» TASK PROMPT: Which lines below fall between the one containing "棕榈泉壹号楼,棕榈泉壹号会客厅实景图" and the one containing "Ficus rubiginosa"? Repeat them exactly, counting both of those lines, and add nothing else.

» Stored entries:
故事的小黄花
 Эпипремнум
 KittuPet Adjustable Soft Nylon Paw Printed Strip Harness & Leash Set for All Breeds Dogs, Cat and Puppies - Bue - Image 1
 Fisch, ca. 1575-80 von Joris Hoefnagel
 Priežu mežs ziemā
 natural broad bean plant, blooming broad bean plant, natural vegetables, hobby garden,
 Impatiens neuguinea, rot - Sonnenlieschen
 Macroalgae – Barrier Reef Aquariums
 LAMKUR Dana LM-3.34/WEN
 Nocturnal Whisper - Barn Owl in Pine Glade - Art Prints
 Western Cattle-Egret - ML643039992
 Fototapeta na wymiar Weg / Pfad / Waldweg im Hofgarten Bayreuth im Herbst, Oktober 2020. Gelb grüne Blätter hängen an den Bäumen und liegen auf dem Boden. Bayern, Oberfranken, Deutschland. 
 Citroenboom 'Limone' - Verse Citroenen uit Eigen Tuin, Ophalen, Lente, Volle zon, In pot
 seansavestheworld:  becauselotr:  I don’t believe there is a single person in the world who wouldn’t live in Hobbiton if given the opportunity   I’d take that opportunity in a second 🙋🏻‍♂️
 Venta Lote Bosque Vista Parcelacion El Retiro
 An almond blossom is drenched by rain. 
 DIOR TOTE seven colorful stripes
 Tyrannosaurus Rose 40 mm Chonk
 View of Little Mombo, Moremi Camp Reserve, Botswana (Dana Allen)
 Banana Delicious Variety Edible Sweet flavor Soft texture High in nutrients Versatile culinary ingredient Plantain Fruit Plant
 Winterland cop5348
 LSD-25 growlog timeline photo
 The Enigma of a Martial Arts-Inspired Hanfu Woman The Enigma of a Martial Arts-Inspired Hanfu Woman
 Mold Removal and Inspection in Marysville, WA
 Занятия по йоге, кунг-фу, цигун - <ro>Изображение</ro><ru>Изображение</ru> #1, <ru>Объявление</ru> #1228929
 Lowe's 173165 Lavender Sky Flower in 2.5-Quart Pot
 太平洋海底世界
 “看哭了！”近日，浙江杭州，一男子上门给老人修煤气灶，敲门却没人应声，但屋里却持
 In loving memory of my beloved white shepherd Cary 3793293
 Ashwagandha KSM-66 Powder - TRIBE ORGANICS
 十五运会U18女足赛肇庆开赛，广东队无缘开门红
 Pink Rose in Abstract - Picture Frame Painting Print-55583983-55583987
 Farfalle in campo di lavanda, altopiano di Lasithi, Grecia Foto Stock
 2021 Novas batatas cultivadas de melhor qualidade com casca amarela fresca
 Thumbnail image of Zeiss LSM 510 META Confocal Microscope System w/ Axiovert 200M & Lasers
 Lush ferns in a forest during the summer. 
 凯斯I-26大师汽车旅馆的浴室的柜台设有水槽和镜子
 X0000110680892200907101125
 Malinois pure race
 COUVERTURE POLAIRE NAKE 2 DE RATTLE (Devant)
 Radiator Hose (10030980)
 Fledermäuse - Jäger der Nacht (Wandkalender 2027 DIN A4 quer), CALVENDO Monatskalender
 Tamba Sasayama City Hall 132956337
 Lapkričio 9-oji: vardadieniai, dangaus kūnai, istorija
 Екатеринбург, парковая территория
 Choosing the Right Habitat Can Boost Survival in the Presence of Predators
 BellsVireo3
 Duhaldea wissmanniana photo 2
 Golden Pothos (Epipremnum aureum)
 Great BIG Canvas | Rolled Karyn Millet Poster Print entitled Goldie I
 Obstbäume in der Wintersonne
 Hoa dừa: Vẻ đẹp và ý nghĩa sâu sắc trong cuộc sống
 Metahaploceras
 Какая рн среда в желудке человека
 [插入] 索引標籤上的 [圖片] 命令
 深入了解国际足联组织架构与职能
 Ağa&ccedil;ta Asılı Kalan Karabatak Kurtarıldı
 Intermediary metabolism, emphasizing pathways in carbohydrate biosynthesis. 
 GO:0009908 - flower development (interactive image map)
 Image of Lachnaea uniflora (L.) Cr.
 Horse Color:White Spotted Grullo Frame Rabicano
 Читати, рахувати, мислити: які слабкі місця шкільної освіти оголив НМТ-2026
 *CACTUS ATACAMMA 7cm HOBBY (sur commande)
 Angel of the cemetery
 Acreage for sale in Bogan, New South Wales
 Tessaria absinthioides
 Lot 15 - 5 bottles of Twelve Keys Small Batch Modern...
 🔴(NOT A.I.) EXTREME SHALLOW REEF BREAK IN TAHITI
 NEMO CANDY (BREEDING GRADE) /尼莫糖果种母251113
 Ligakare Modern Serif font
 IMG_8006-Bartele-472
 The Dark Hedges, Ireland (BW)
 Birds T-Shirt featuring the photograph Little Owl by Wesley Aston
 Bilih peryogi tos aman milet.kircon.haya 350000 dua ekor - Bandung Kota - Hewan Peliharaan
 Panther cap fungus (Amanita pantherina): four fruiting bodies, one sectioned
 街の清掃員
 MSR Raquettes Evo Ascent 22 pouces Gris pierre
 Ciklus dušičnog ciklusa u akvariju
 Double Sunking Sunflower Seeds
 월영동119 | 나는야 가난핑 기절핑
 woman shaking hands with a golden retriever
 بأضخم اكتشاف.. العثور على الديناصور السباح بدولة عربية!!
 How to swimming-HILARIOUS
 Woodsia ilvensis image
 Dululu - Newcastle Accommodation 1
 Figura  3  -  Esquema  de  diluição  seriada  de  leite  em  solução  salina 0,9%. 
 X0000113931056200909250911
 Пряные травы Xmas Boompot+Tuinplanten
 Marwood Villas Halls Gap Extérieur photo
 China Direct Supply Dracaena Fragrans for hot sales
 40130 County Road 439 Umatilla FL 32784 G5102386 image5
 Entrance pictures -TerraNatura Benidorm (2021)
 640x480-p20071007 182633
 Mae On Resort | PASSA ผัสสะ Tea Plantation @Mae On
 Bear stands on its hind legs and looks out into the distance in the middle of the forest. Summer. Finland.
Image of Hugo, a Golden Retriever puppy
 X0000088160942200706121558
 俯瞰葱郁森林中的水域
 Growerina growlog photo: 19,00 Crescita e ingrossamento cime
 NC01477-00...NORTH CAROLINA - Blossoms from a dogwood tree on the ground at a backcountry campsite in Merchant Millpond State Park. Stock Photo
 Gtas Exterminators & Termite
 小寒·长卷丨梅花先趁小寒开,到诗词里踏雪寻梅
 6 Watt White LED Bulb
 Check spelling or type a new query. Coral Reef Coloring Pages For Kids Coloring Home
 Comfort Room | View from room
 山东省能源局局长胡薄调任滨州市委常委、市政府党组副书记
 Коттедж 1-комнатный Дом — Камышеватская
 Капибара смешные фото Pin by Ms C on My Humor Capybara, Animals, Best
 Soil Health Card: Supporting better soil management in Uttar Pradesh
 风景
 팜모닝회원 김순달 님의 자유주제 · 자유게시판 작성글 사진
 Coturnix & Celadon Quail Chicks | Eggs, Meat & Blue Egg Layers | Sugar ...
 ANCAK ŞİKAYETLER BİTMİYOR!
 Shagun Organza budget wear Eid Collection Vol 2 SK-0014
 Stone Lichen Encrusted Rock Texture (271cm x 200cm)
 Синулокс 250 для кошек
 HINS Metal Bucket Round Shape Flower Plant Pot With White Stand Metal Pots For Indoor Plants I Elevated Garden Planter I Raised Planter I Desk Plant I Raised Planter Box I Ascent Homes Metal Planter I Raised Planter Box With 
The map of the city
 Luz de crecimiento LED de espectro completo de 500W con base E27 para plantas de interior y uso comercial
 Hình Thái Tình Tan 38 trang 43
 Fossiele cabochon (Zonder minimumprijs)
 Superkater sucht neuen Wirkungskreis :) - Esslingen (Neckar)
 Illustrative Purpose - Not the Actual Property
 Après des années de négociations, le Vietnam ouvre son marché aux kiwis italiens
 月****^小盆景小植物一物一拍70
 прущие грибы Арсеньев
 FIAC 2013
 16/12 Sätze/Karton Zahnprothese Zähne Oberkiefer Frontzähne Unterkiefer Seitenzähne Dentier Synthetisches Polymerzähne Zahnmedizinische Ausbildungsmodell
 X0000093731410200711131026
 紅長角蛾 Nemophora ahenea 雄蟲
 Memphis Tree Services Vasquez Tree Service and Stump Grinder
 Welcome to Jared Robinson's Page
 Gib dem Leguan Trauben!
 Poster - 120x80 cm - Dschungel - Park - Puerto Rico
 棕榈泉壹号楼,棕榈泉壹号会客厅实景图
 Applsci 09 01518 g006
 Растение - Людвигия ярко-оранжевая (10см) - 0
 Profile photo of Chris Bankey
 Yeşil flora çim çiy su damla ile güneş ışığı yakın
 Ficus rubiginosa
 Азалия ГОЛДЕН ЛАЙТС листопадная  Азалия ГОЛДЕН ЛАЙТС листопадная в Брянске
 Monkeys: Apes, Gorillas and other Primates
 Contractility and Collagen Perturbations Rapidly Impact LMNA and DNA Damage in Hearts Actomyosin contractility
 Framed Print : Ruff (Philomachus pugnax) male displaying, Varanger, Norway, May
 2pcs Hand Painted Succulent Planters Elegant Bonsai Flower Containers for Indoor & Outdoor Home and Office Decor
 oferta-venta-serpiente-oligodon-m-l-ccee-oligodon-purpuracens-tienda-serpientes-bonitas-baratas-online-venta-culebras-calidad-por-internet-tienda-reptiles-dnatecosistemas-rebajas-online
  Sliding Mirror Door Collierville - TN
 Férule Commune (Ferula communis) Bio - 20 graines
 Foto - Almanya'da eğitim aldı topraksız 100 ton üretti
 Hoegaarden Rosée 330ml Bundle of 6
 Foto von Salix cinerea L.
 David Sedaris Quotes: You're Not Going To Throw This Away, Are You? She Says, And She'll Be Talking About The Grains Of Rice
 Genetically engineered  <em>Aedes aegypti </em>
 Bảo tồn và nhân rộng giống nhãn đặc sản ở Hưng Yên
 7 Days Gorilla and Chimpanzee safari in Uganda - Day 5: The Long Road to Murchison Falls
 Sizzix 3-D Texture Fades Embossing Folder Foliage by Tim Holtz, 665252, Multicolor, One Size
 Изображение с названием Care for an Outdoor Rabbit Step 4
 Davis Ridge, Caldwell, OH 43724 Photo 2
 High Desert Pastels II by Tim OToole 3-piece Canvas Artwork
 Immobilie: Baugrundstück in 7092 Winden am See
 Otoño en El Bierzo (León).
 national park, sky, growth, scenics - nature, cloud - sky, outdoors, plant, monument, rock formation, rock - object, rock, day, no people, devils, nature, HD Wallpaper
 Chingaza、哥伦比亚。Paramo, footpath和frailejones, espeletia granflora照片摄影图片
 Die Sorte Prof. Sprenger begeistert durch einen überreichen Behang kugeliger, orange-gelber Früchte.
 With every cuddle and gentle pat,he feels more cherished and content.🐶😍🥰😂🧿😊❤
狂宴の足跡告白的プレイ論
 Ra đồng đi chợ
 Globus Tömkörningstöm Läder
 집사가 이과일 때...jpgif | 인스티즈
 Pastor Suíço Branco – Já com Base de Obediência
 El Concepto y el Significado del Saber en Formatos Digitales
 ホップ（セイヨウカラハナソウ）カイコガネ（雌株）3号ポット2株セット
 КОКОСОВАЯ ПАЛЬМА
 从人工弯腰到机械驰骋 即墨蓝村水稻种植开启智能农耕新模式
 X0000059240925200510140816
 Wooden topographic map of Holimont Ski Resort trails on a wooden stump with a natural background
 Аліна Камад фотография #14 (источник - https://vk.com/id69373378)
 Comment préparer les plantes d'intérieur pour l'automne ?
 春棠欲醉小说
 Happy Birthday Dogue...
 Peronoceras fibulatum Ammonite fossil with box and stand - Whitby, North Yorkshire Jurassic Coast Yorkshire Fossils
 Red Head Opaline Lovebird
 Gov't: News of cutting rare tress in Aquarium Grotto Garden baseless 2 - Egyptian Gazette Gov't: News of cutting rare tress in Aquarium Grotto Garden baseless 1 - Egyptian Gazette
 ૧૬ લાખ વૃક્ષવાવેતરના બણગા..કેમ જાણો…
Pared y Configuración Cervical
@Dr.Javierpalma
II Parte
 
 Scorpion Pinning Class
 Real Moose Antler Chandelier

» SOLUTION FOR THIS EXERCISE:
 棕榈泉壹号楼,棕榈泉壹号会客厅实景图
 Applsci 09 01518 g006
 Растение - Людвигия ярко-оранжевая (10см) - 0
 Profile photo of Chris Bankey
 Yeşil flora çim çiy su damla ile güneş ışığı yakın
 Ficus rubiginosa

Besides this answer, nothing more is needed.